Another important note: FT does not protect against a storage
failure. Since the VMs on both hosts use the same storage and virtual
disk file it is a single point of failure. Therefore it’s important to
have as much redundancy as possible to prevent this, such as dual
storage adapters in your host servers attached to separate switches,
known as multi-pathing). If a path to the SAN fails on one host, FT will
detect this and switch over to the secondary VM, but this is not a
desirable situation. Furthermore if there was a complete SAN failure or
problem with the VM’s LUN, the FT feature would not protect against
this.
VII. So should you actually use FT? Enter SiteSurvey
Now that you’ve read all this, you might be wondering if you meet the
many requirements to use FT in your own environment. VMware provides a
utility called
SiteSurvey
that will look at your infrastructure and see if it is capable of
running FT. It is available as either a Windows or Linux download and
once you install and run it, you will be prompted to connect to a
vCenter Server. Once it connects to the vCenter Server you can choose
from your available clusters to generate a SiteSurvery report that shows
whether or not your hosts support FT and if the hosts and VMs meet the
individual prerequisites to use the feature.
You can also click on links in the report that will give you detailed
information about all the prerequisites along with compatible CPU
charts. These links go to VMware’s website and display the
help document for the SiteSurvey utility, which is full of great information, including some of the following prerequisites for FT.
- The vLockstep technology used by FT requires the physical processor
extensions added to the latest processors from Intel and AMD. In order
to run FT, a host must have an FT-capable processor, and both hosts
running an FT VM pair must be in the same processor family.

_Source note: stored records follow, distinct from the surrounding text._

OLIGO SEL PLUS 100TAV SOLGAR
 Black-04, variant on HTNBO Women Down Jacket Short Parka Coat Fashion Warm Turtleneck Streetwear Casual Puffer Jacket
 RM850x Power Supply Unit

- When ESX hosts are used together in an FT cluster, their processor
speeds must be matched fairly closely to ensure that the hosts can stay
in sync. VMware SiteSurvey will flag any CPU speeds that are different
by more than 400 MHz.
- ESX hosts running the FT VM pair must be running at least ESX 4.0, and must be running the same build number of ESX.

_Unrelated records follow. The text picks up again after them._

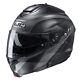 Hjc Adult C91 Modular Taly Helmet Grey/black Sm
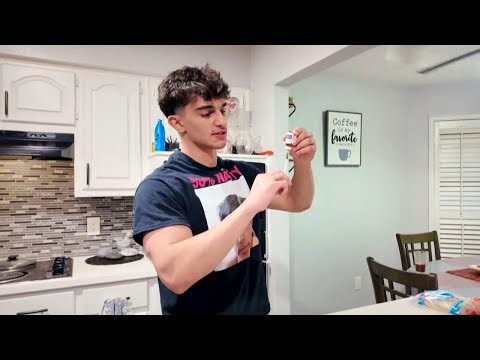 Teen says social media trend convinced him to take dangerous steroids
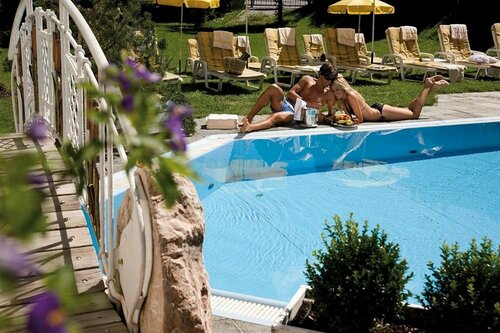 Внешний вид отеля Hotel Gaspingerhof в Герлосе, фото 3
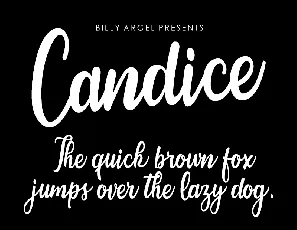 Candice Free Download font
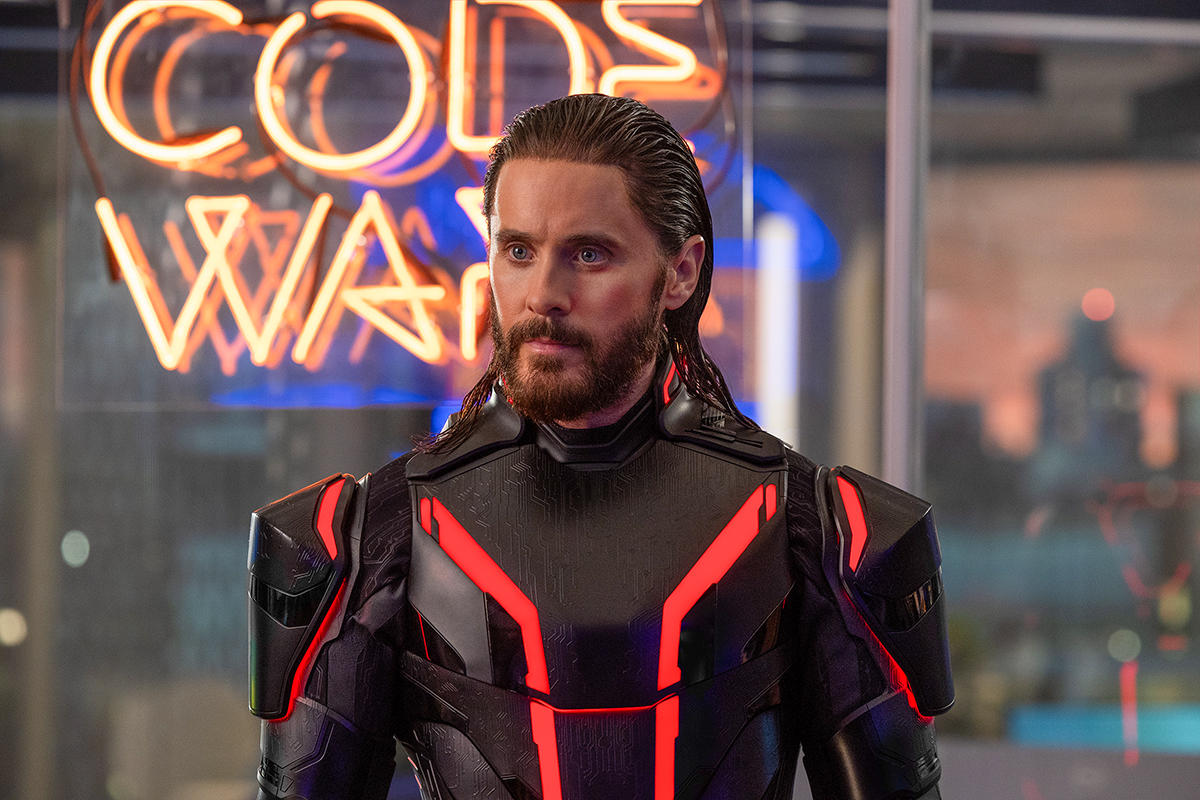 Tron: Ares: Jared Leto - Photo: Leah Gallo/Disney Enterprises, Inc.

- FT requires each member of the FT cluster to have a minimum of two
NICs with speeds of at least 1 Gb per second. Each NIC must also be on
the same network.
- FT requires each member of the FT cluster to have two virtual NICs,
one for logging and one for VMotion. VMware SiteSurvey will flag ESX
hosts which do not contain as least two virtual NICs.
- ESX hosts used together as a FT cluster must share storage for the
protected VMs. For this reason VMware SiteSurvey lists the shared
storage it detects for each ESX host and flags hosts that do not have
shared storage in common. In addition, a FT-protected VM must itself be
stored on shared storage and any disks connected to it must be shared
storage.
- At this time, FT only supports single-processor virtual machines.
VMware SiteSurvey flags virtual machines that are configured with more
than one processor. To use FT with those VMs, you must reconfigure them
as single-CPU VMs.
- FT will not work with virtual disks backed with thin-provisioned
storage or disks that do not have clustering features enabled. When you
turn on FT, the conversion to the appropriate disk format is performed
by default.
- Snapshots must be removed before FT can be enabled on a virtual
machine. In addition, it is not possible to take snapshots of virtual
machines on which FT is enabled.
- FT is not supported with virtual machines that have CD-ROM or floppy
virtual devices backed by a physical or remote device. To use FT with a
virtual machine with this issue, remove the CD-ROM or floppy virtual
device or reconfigure the backing with an ISO installed on shared
storage.
- Physical RDM is not supported with FT. You may only use virtual RDMs.
- Paravirtualized guests are not supported with FT. To use FT with a
virtual machine with this issue, reconfigure the virtual machine without
a VMI ROM.
- N_Port ID Virtualization (NPIV) is not supported with FT. To use FT
with a virtual machine with this issue, disable the NPIV configuration
of the virtual machine.
Below is some sample output from the SiteSurvey utility showing host
and VM compatibility with FT and what features and components are
compatible or not:
Another method for checking to see if your hosts meet the FT
requirements is to use the vCenter Server Profile Compliance tool. To
use this method, select your cluster in the left pane of the vSphere
Client, then in the right pane select the Profile Compliance tab. Click
the Check Compliance Now link and it will begin checking your hosts for
compliance including FT as shown below:
VIII. Are we there yet? Turning on Fault Tolerance
Once you meet the requirements, implementing FT is fairly simple. A
prerequisite for enabling FT is that your cluster must have HA enabled.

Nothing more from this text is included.